## Data shown

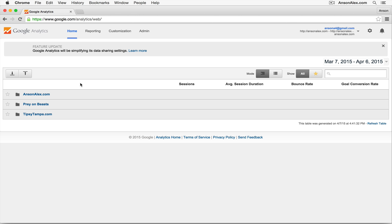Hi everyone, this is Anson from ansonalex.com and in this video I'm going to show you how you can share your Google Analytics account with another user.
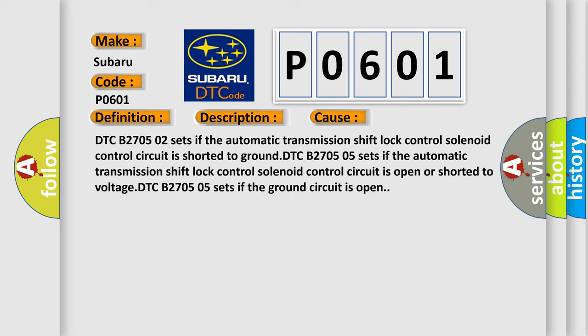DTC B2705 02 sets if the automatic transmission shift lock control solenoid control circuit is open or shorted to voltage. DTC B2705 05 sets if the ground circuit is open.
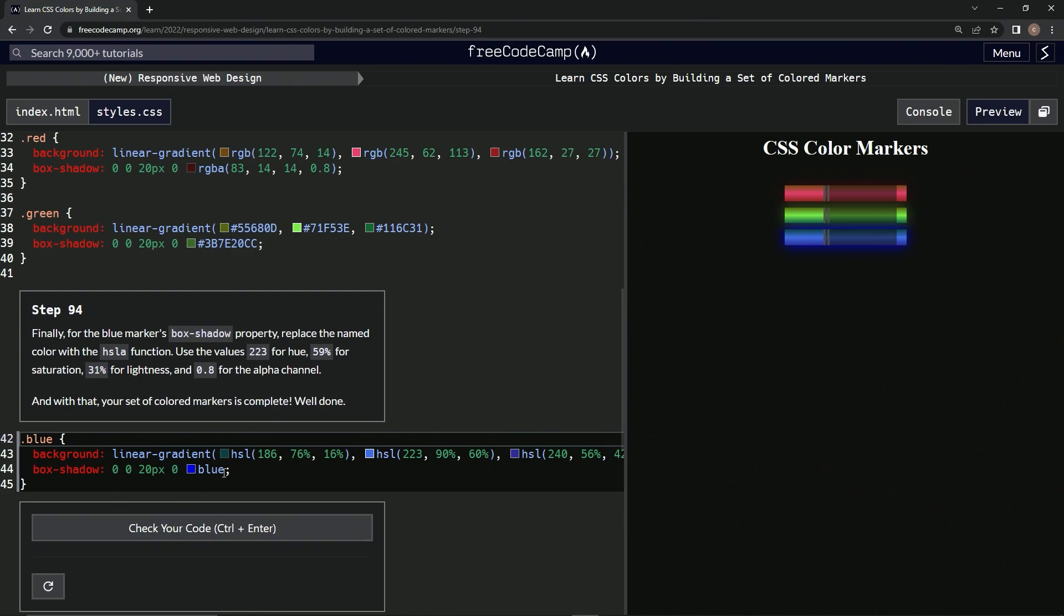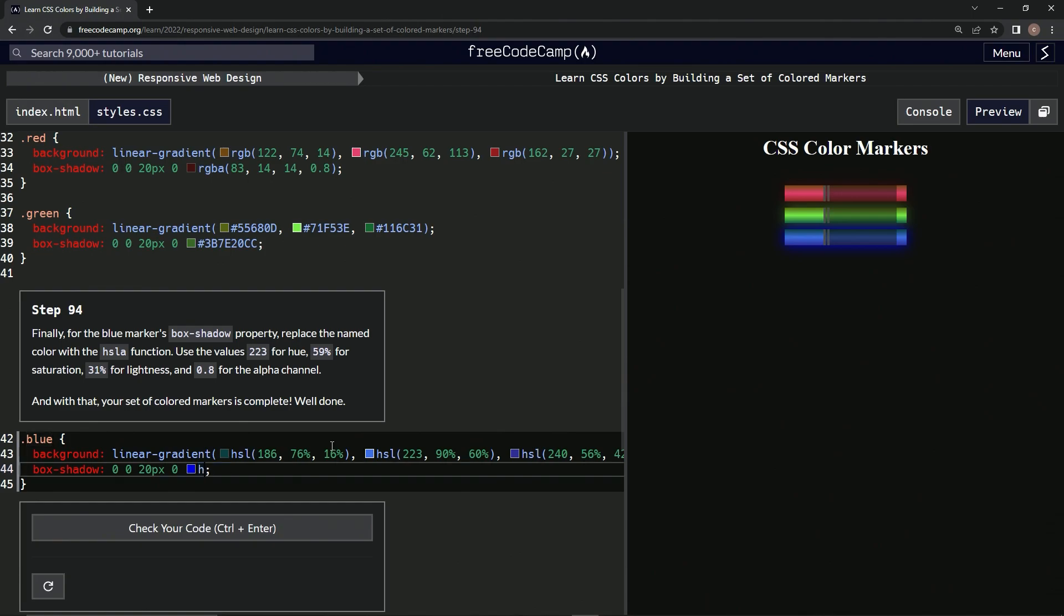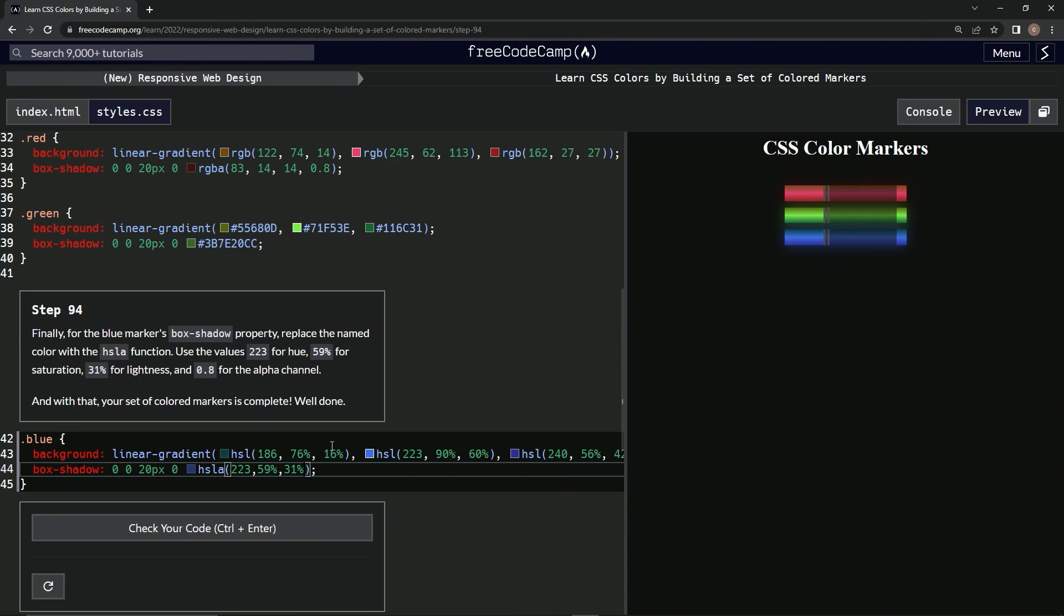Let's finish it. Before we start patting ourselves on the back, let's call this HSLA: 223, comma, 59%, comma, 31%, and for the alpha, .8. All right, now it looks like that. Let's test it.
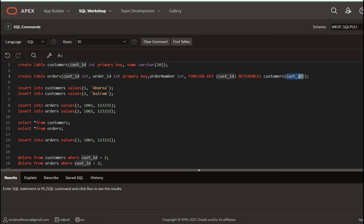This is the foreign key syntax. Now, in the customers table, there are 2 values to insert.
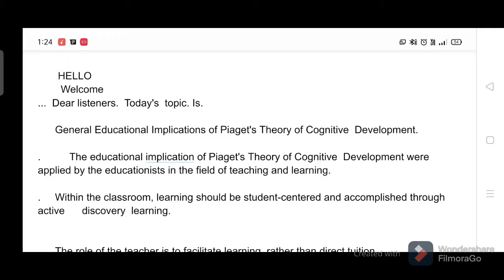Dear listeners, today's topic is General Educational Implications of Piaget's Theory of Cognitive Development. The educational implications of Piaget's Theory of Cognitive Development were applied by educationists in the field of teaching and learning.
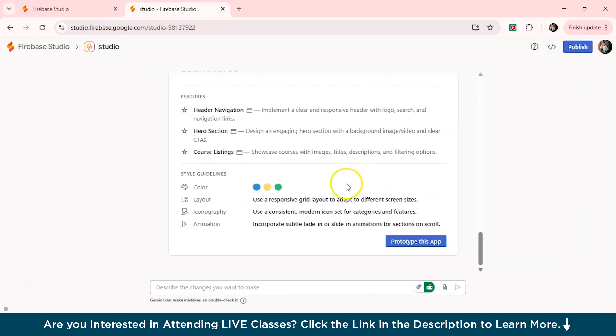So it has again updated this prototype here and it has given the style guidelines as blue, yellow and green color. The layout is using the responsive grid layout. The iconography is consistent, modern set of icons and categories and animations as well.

## Problem description
From the records above, copy only the lines running from the line containing "This is the" to the line containing "Dear listeners, today's", both ends included. Leave the pictures out.

## Result of the exercise
This is the foreign key syntax. Now, in the customers table, there are 2 values to insert.
Dear listeners, today's topic is General Educational Implications of Piaget's Theory of Cognitive Development. The educational implications of Piaget's Theory of Cognitive Development were applied by educationists in the field of teaching and learning.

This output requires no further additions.